The abrupt closure of holy sites was the most shocking element of the global lockdown. With a few heroic exceptions, their perpetual rites—unbroken for centuries—were severed all at once. What better way to signal a new age?

In late 2019, as the virus incubated in Wuhan, I was working on an electronic music tour that took me to New Zealand, Thailand, and Indonesia. My abundant down time was spent in Buddhist shrines, Hindu temples, a couple of mosques, and a lone Catholic community nestled among the pagans. For weeks I immersed myself in the physical elements of these spiritual traditions: crowded sanctuaries, stone icons, shared meals, and intimate contact.

A few months later, all of those temples were shut down “due to COVID.” American pundits gloated each time a defiant preacher succumbed to illness, prompting Twitter mobs to spit on their graves. The faithful were coldly instructed to move their practices online. Talking heads and tech boosters pretended like this was some kind of improvement. Big data analysts salivated like Pavlovian dogs as a surveillance smorgasbord was spread before them.
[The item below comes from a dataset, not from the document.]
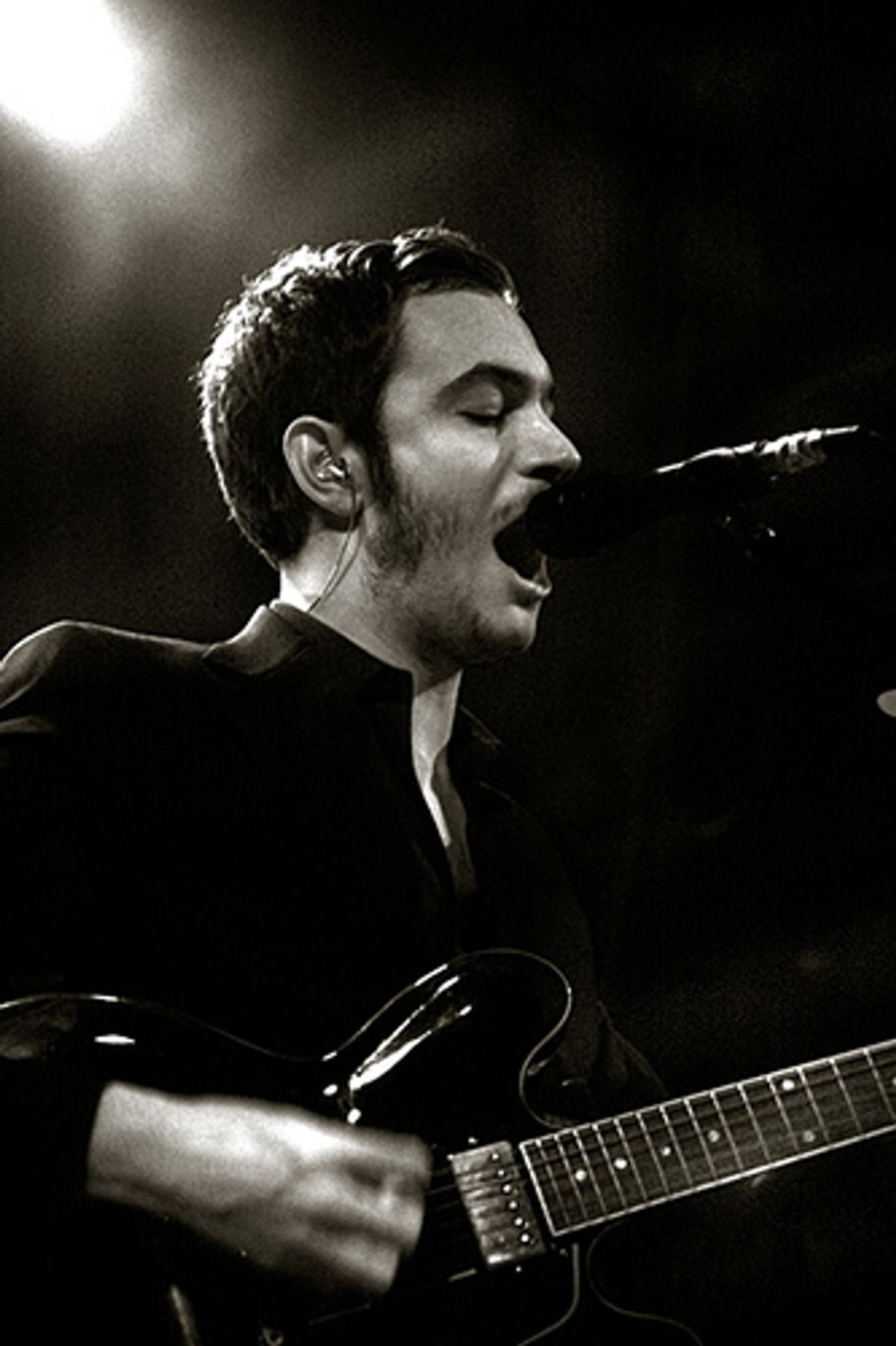 Editors - Emotionele pletwals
The grouchy Neil Postman had already identified this fetish in his 1992 book “Technopoly.” “[We] are currently surrounded by throngs of zealous…one-eyed prophets who see only what new technologies can do and are incapable of imagining what they will undo.

The global lockdown made way for further undoing. It was stunning to see bureaucratic indifference toward religion’s essential role in society. More disturbing was the technocratic urge to capture its spirit. As the public was ordered to mask up, our elites were suddenly unmasked. For the first time in my life, it seemed possible that huge swaths of the culture were destined to be digitized.

This year’s Good Friday mass was somewhat reassuring. With this ascendant technocracy in mind, one section of the homily really struck me. The young priest quoted Richard Neuhaus riffing on Alfred North Whitehead: “[T]he only simplicity to be trusted is the simplicity to be found on the far side of complexity. The only joy to be trusted is the joy on the far side of a broken heart; the only life to be trusted is the life on the far side of death.”

This year’s enthusiasm for Easter and Passover suggests the old ways are reviving, even if we’re nowhere near the far side of this crisis. Statistics seem to support that trajectory. According to a recent Pew poll, most respondents plan to shut off their devices and return to the fold in-person. It’s a paradox of sorts—the faithful seek a transcendent realm, but their deep communities are knitted together in physical space.

On the other hand, we’re still seeing governments send in goons to break up unsanctioned ceremonies. Now that the state has a taste for mass compliance, it’s unlikely to lose it any time soon. If religious communities value their right to true communion, they better get prepared to fight for their liberty. Otherwise, Big Tech has plenty of space in its digital temple.